Flying in not so graceful arches I have three novels, several short stories, and a six day-a-week blog. Not bad for a guy with essentially one hand for typing. Some of these things have been flying around for years awaiting my attention and heckling me whenever I walk past the notebooks where most of them started out.
I know, I know – there are some writers who could do all of that before lunch and still have time to knock off a dozen book blurbs. That ain’t me.
I do try to write every day and I’m successful at that most of the time. I started doing this blog to get myself back in the daily habit. I used to stop before work and write for an hour every morning – longhand (cursive) and while simultaneously downing an apple fritter and coffee. At the end of a year I had 95% of a novel (first draft) finished and a serious weight problem. Dieting then delayed subsequent drafts for a couple of years. I refer to those as “The Atkins Drafts.”
My current dilemma is that I have all of these half-finished stories, a third-told, a quarter-edited, and not at all readable. And there are more ideas, concepts and snatches of dialogue wandering around in my head waiting their turn.
“Now serving number 15 – What number are you, Autobiographical Sketch?”
My brain is like the counter in a kosher deli at 2 o’clock on a Friday afternoon.
There are days I wish I had Writer’s Block so I could get some rest.
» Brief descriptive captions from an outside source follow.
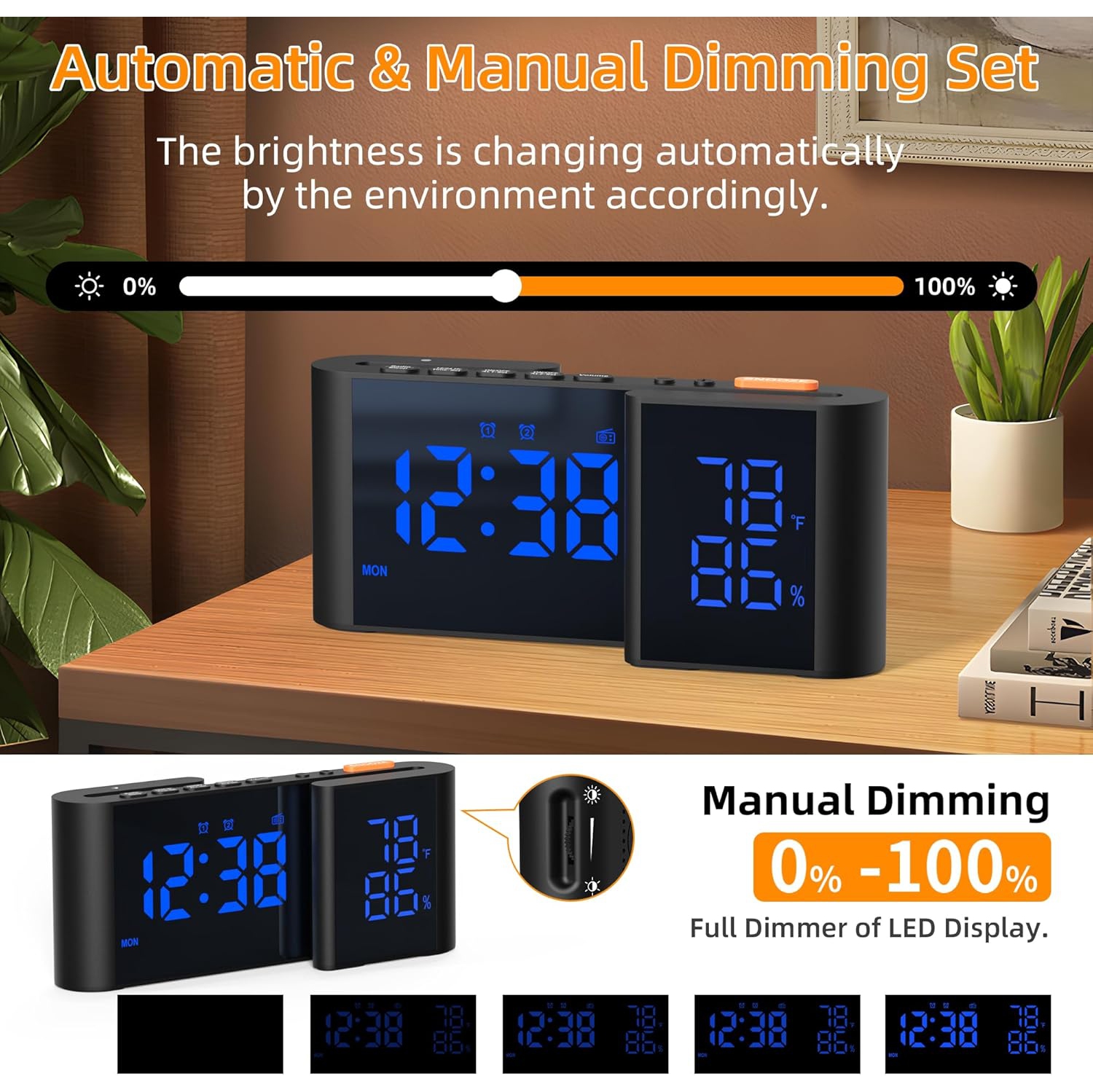 Smart S-shaped dual screen LED display mirror display alarm clock - temperature and humidity display, 15-level volume adjustment, sleep timer and USB
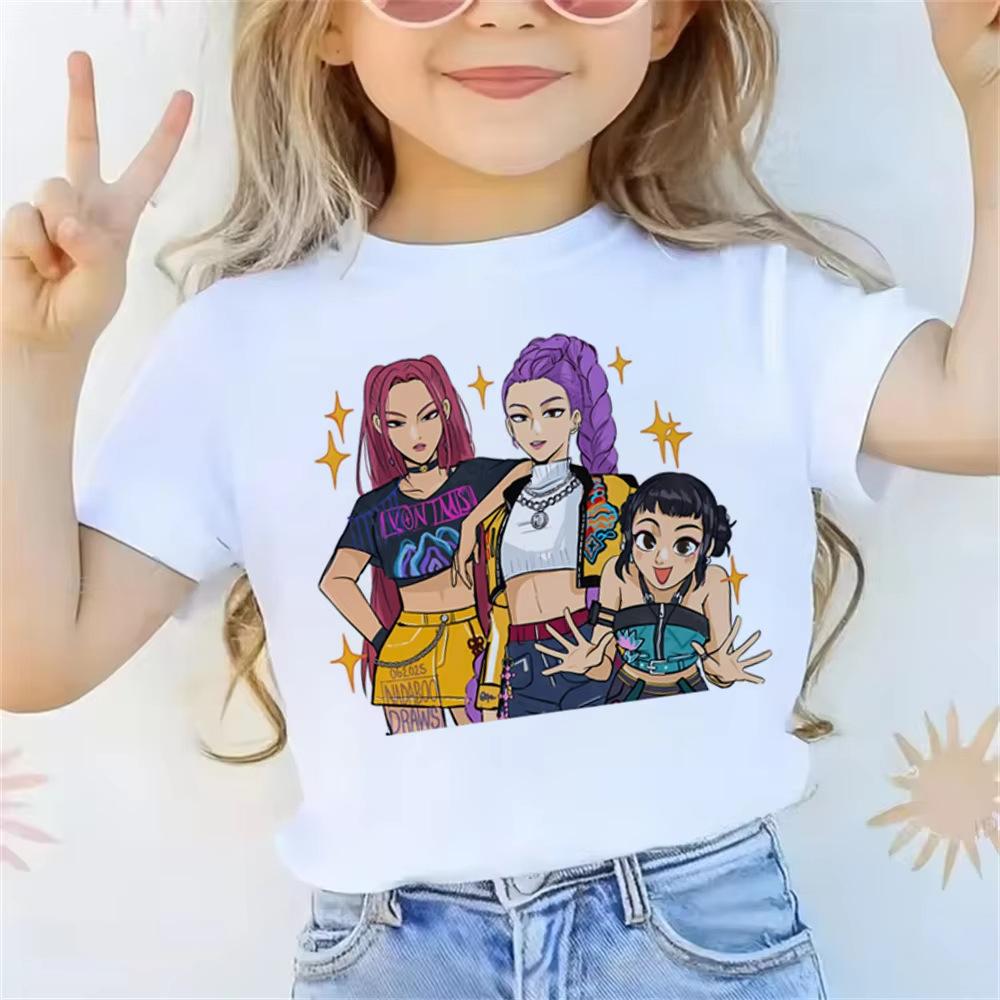 Boys' and Girls' Demon Hunter Girls Group Loose-Fit T-Shirt Summer Kids' Casual Round-Neck Short-Sleeve Top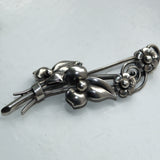 Gustav Dahlgren silver bouquet of flowers brooch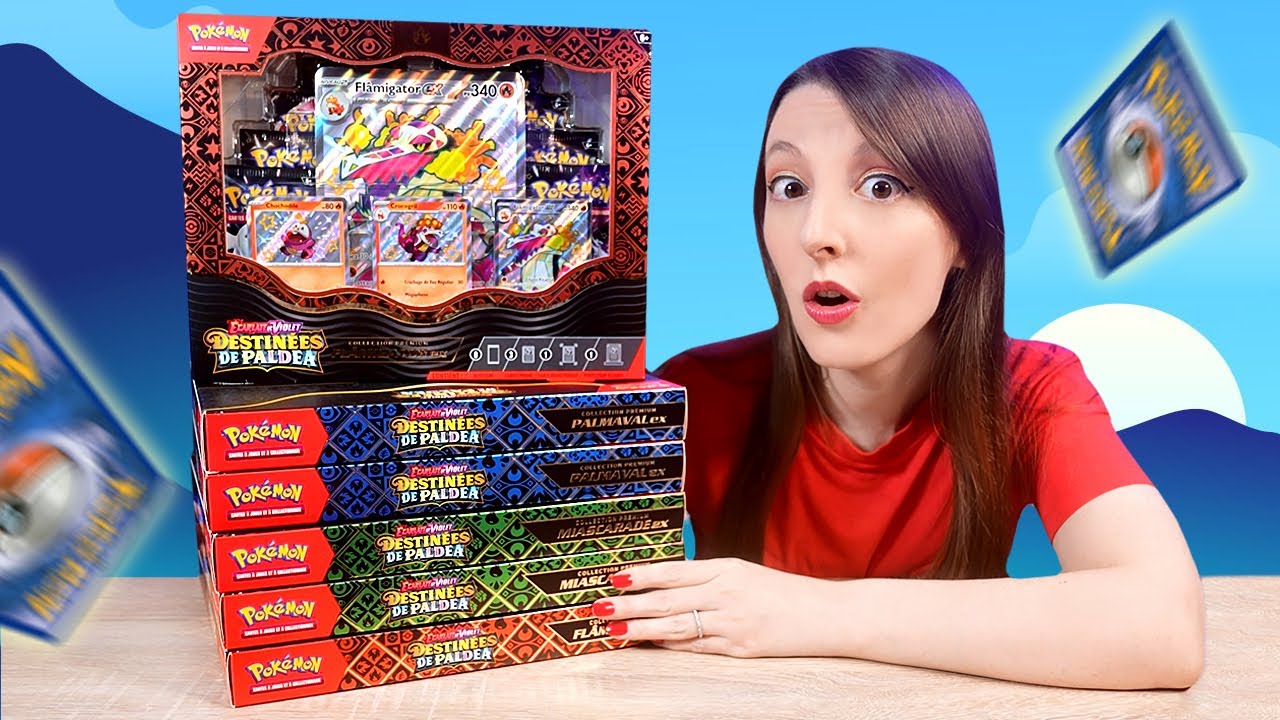 48 Boosters DESTINÉES DE PALDÉA ! 6 Coffrets Pokémon FLAMIGATOR, MIASCARADE et PALMAVAL Premium !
I’ve never been cursed with that. Poor punctuation skills – yes, but not a lack of ideas about what to write next – no problem.
In college I had to write a paper for a class in Rhetorical Criticism. A real yawner of a class – no? We all met on the first day, got the instructions on what to do, and then we were turned loose. We were told to report back on the last day of class to turn in our papers.
Either the instructions were a bit vague or I just missed a line or two, but we were never told how long the papers were to be.
On the final day of the Quarter the class reconvened and we handed in our work. I was appalled when I saw everyone turning in nice, thin binders holding no more than 15 pages, including bibliography and notes. Everyone stared when my name was called and I handed Dr. Ross my 72 pages in a three-ring binder – with illustrated cover sheet.
When my paper was returned after grading it had a large red A+ at the top and a note, “Hang on to this. You’ve already done your Master’s Thesis.”
I still have that paper somewhere tucked away with other relics and detritus of my life. It’s a shame I never went on to Graduate School. That paper would have saved me a bunch of time and allowed me to get involved in things I never should. Maybe it was meant to be that way. A sort of a “Save the cheerleader, save the world,” kind of thing. I’m still waiting.
But, back to the problem at hand – seventy-two flaming Indian Clubs in the air, one handed typing and too many late nights for a dude my age.
I love doing the blog, I want to develop a couple of my short pieces right now, and the novels are getting downright rude from up there on the shelf.
I need to think on this. I’ll get back to you.